La alegría es la manera en que le decimos sí a la celebración de la vida. La alegría se olvida momentáneamente del pasado, detiene la costumbre de oliscar en el futuro y festeja con delectación las bondades del presente. Es el componente sentimental que nace de la toma de conciencia de la suerte que supone poder inaugurar un nuevo amanecer y las posibilidades que trae adjuntadas en su decurso, lo que no obsta para que en perfecta armonía puedan comparecer asimismo el disenso y la crítica. La alegría es una forma de mirar, y como toda mirada es una manera de estratificar con deliberación, reflexión e inferencias. En las páginas finales del ensayo Biografía de la humanidad de José Antonio Marina y Javier Rambaud, leo que «la solución a nuestros problemas solo podrá encontrarla una inteligencia social en la que interaccionen personas que se hayan liberado de la pobreza extrema, de la ignorancia, del fanatismo, del miedo y del odio». Es una definición muy próxima a mi concepción de persona alegre y de la alegría como prólogo para otras disposiciones sentimentales. Desde esta perspectiva epistemológica y desde una resignificación que amplía su campo semántico, la alegría mantiene sinonimia sentimental y cognitiva con la tranquilidad, la serenidad, la ausencia de miedo, el entusiasmo, la vocación, lo lúdico, los episodios de estado de flujo, la curiosidad, la creación, la aceptación, pero también con la equidad, la solidaridad, la justicia. La alegría no es solo dar brincos, es mediación afectiva para desarmar el desasogiego y lograr la  pacificación del yo. Es una forma de instalarnos en el mundo y circunnavegar el estado de las cosas, y cuando logramos su regularidad asoman otras predisposiciones imperativas en la arborescencia del entramado afectivo (fraternidad, compasión, bondad, gratitud, cuidado). Acaso la más decisiva es que cuando estamos alegres vamos al encuentro gozoso del otro. Compartir la alegría multiplica la densidad de la alegría, y no participarla la reduce a experiencia inconclusa. He aquí la razón de que la alegría siempre nos imante hacia la socialidad. 

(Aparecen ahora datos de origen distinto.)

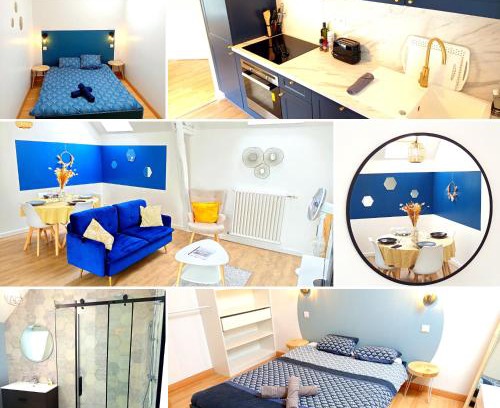 Cholet Apartment | Escapade, T3 Proche gare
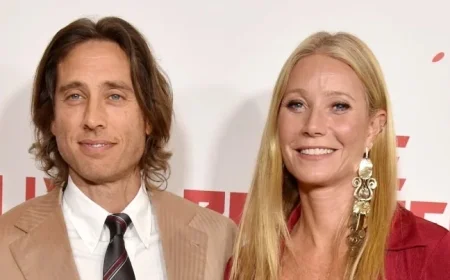 Gwyneth Paltrow Faces Holiday Loneliness with ‘Grinch’ Husband Brad Falchuk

En su último libro mi admirado Vicente Verdú nos dejó unos cuantos aforismos luminosos, pero a mí el que más me impactó de todos fue este en el que diagnosticaba una patología epocal: «La gente que se queja de que no le pasa nada no sabe la suerte que tiene». Esta reflexión se torna sobrecogedora si se añade que el autor la escribió en mitad de la enfermedad que le arrebataría la vida meses después. Ocurre que tenemos vista de águila para detectar lo que nos falta y miopía severa para contemplar lo que tenemos, una cuestión mitad ocular, mitad axiológica, que provoca peligrosas mutilaciones en la alegría y en el darse cuenta, que es vivir contemplando cómo lo extraordinario se halla subsumido en lo que tildamos de ordinario, cómo lo aparentemente sencillo es una maravilla inextricable. Se puede parafrasear a Kant cuando connotaba que «lo más sublime es sentir lo sublime» afirmando que lo más sublime de la alegría es sentir el vigor desbordante de la alegría, o que el mejor prescriptor de la alegría es observar a cualquier persona alegre y resiliente. No puedo por menos de traer a colación aquí una anécdota real que me ocurrió hace muchísimos años. Una tarde primaveral visité a un profesor que vivía en un convento. Llevaba medio siglo levantándose a las cinco de la mañana a meditar sobre el misterio de vivir. Acumulaba una ingente cantidad de cuadernos de alambre en los que almacenaba el resultado de sus reflexiones. Dando un paseo por el huerto que rodeaba el lugar le pregunté para qué existimos. Me respondió que en la pregunta que acababa de formularle descansaba la respuesta. «Existimos para existir». Perdón por el atrevimiento, pero creo que no es concretamente así. Existimos para existir alegremente. Ojalá que este 2019 que acabamos de desprecintar ayude a colmar este precioso propósito.